Downtrend: This is the first rally to break the downtrend tracing back to late January 2004. That trend line (more or less) was where each of the prior rallies failed. Its penetration to the upside is a technical event of great significance. The previous trading pattern was selling the market at the top of the down channel and covering and going long near the lower channel line. The breakout changes the entire tone of the market: It shifts the stance of traders from selling rallies to buying dips.
Higher High: A bear market is defined as a series of lower lows and lower highs, while a bull market is just the opposite (higher lows/higher highs). For the first time this year, the Dow Jones Industrial Average, S&P 500 and Nasdaq Composite each made a significantly higher high. That's yet another bullish sign.
Year-to-Date Positive: Sometime earlier this month, we moved to positive territory for the year on the S&P, Dow and Comp. Although we pivoted above and below the break-even line all year, the break now is most significant as it comes this late in the year. Why? This places enormous pressure on fund managers. It is easy to beat the averages when they are in negative territory -- all you have to do is hold cash, and your fund will be down less than the indices (that's considered outperforming). The danger to a fund manager comes from these fast reversals. If they are sitting in too much cash when the screens turn green, they very quickly see their performance slip. Suddenly, after a two-week rally, they are underperforming. A lot of this sidelined capital will be deployed before year's end. That also adds to the bullish momentum.

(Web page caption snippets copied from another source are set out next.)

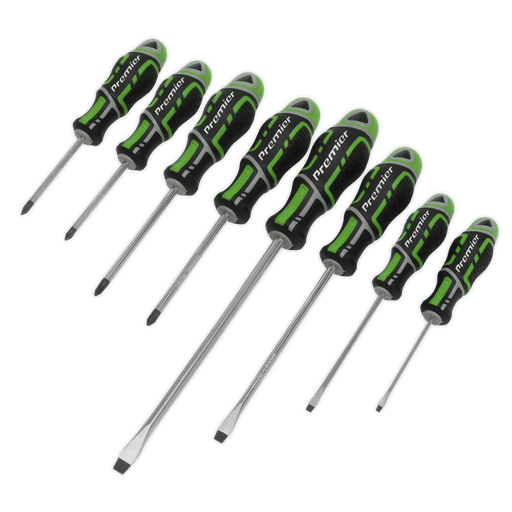 [AK4322HV] Sealey Premier GripMAX® Screwdriver Set 8pc - Hi-Vis Green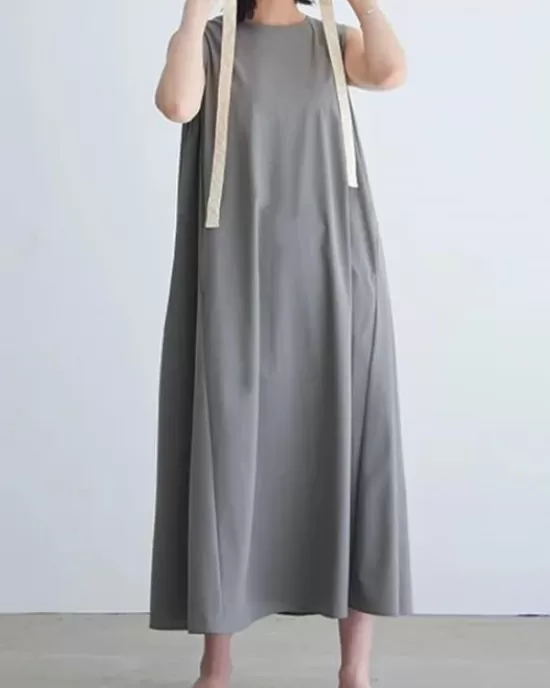 Solid Color Loose Sleeveless Round-Neck Midi Dresses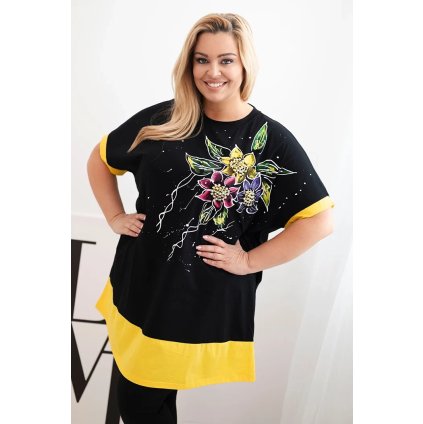 171701 tunika plus size 1661 s kvetinovym vzorem velikost uni barva zluta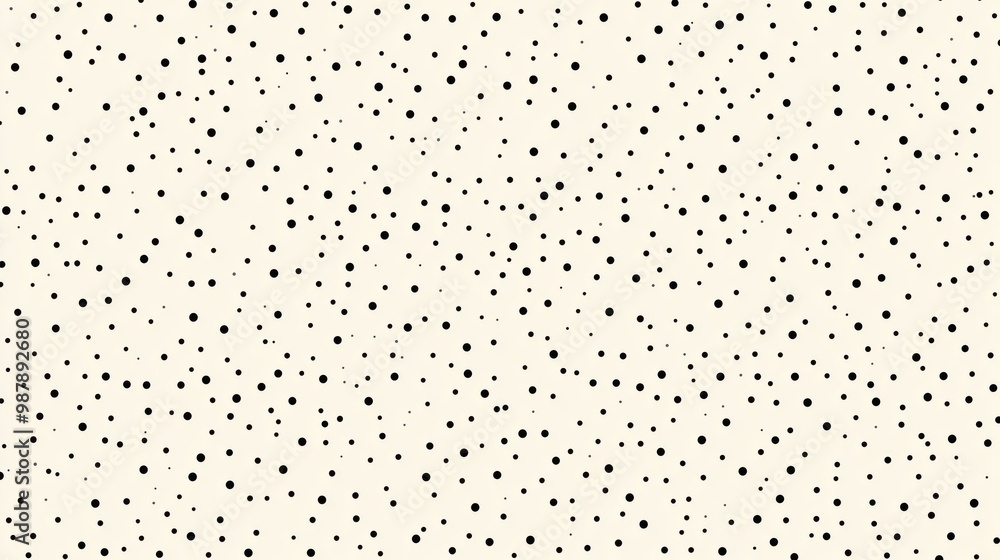 Poster a white background with black dots. the dots are scattered all over the background. the background i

The article contains helpful charts. If you're looking to erase any lingering doubts about the ability to make money over the next few months, it's worth a read.
This morning looks fine on Wall Street. Hewlett-Packard beat profit estimates for the quarter ended in October by 4 cents. At $0.41 a share, earnings were up 14% from last year on a revenue gain of 7.7%. The company said revenues this quarter will be higher than Wall Street thinks and that earnings will be on target. That's good news for the tech sector, and good news for readers of this page as I've been suggesting technology stocks and funds for several months now.
I wrote on November 11th that I hoped to buy more shares of Maxtor at $3.50 "before it lurches above $4." The stock closed yesterday at exactly $4 after hitting a high of $4.03. This morning it's up 10 cents premarket. Keep in mind, this is after the bad news came out Monday that Maxtor's CEO suddenly quit. If the stock can do this well on that news, imagine what it'll do when a few things go right.
The broader market is happy to hear that Sears and Kmart are merging to form the nation's third-largest retailer. Who knows whether two struggling stores can combine to make one successful store. The more pertinent point to those of us not invested in either of them is that a merger of that magnitude is happening at all. Mergers and acquisitions are a positive sign, yet another bull pushing against the corral fence.
As a reminder, you can track all of my past and current suggestions on the strategies page. Specifically, you can follow Maxtor here and my popular Double The Dow portfolio here.
As expected, the market is giving a little back before it goes higher. That's good news for those of you who are looking to get in before too much of the winter rally is behind us.
The general trend remains upward. I am especially encouraged by Maxtor's strong showing yesterday against a headwind of bad news: CEO Paul Tufano suddenly quit the company. Chairman C.S. Park took over as CEO immediately. There was no reason given for the sudden departure, but it sure looks bad given that former CFO Michael Bless quit a month ago -- and he'd only been on the job for two months! Evidently, the market feels that a stock down 70% from its 52-week high already assumes trouble. Maxtor fell just 1.8% to $3.85, still up 18% from my buy price of $3.25. As of 10:30 this morning in New York, it's up a penny to $3.86. You can track this and action among my other suggested investments here.
Lest you doubt the staying power of a stock market up so dramatically in the past few weeks, here are a couple of encouraging articles from BusinessWeek:
The market has made quite a run since late October, rising over 7% since Oct. 25. While many believe the market has moved too far too fast, we disagree. The beginning of most major intermediate-to long-term stock market advances occur in violent, upward fashion. This catches many investors by surprise -- and often under-invested. [FULL ARTICLE]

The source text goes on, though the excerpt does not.